There are three reasons I generally might cry:

  1.  I drink a lot of caffeine, and for some reason, when it wears off, I start yawning and tearing.
  2.  I’m now in allergy season, and my allergies give me watery eyes.
  3.  I’m sad.

Frequently I’ll have people asking me why I’m crying, and it’s admittedly a little embarrassing to have to explain why I’m tearing up.  (Usually 1 or 2)

I’m not the only enigmatic crier.

In John, chapter 11, we hear about the death of Lazarus.  Jesus arrives at the tomb several days late, and encounters a distraught Mary and Martha, as well as other Jews gathered there.   This is where we hear the shortest verse in the Bible:  “Jesus wept.”

But why was he crying?

Was it:

  1.  Because he missed Lazarus and was sorry he was dead.
  2.  Because he was sad at the lack of faith of the people gathered there.
  3.  Because he felt sorry for the grieving Mary and Martha.

People have made arguments for each possibility down through the ages.  Which one do you think?  My guess is #3, but there’s probably no way of knowing.  Just like me, Jesus has multiple reasons to shed tears.

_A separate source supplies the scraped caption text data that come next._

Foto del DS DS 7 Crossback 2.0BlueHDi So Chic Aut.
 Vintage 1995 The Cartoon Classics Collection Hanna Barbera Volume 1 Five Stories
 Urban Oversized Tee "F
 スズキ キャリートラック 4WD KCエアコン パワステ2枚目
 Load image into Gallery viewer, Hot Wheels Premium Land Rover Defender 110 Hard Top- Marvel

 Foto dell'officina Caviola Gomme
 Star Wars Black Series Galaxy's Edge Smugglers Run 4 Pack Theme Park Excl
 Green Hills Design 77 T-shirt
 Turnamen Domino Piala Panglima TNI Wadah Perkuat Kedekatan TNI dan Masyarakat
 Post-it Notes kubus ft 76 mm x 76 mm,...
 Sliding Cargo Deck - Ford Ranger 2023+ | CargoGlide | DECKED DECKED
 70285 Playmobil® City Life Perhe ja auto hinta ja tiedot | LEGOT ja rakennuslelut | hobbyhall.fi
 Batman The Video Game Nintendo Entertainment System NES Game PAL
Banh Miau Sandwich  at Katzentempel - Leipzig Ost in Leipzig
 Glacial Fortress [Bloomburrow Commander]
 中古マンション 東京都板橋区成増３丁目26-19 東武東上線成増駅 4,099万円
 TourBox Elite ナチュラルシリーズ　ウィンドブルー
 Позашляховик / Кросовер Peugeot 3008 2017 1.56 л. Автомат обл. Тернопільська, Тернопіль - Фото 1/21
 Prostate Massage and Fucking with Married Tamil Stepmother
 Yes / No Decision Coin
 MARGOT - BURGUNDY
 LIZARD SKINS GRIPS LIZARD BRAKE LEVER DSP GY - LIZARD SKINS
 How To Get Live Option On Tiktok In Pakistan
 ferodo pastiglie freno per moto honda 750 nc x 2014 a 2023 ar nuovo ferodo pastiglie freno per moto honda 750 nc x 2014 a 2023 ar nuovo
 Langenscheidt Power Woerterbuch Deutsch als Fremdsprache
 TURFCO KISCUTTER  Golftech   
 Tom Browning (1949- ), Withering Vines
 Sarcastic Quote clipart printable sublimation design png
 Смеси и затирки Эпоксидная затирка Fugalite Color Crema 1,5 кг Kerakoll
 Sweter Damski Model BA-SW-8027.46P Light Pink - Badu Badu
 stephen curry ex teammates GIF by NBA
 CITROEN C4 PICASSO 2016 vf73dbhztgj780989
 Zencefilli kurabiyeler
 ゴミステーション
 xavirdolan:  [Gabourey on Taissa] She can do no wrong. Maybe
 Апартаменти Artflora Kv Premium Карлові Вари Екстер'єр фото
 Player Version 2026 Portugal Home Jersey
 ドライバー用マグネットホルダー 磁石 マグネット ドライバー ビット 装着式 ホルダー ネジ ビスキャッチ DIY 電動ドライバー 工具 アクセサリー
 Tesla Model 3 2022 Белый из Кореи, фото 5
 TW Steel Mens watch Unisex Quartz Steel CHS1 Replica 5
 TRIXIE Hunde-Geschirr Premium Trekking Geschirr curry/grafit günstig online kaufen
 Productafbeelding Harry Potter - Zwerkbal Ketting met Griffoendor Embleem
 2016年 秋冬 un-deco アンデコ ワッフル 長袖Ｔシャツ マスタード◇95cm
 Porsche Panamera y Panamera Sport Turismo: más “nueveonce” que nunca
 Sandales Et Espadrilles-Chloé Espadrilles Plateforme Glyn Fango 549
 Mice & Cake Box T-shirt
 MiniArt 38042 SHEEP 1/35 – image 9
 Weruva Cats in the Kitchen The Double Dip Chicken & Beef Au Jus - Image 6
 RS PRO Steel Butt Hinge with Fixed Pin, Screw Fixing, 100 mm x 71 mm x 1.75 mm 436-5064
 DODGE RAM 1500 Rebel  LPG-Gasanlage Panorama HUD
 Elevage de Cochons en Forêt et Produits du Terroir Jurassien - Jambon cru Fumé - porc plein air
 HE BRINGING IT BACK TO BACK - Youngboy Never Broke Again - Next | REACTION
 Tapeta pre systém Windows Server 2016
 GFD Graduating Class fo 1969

And we’re not the only ones.  Crying isn’t always a straightforward activity. From time to time you will encounter someone who is sad or even tearing up and you may not know why.  What do you do?

You could:

  1. Politely ignore the tears and hope all is well
  2. Ask what’s wrong.

Those could both work.  My personal favorite, however, is…

3.  Hand them a tissue.

No matter the reason for the tears, passing a Kleenex seems to say “Whatever you’ve got going on, I care about you”.  It’s a direct, physical action that invites but doesn’t require further conversation.

I guess they didn’t have Kleenex in Jesus’ time, but if I’d been next to Lazarus’ grave when Jesus wept, I would like to think I would have offered him a sleeve to wipe his eyes on…

and maybe he’d have offered more than a two word explanation!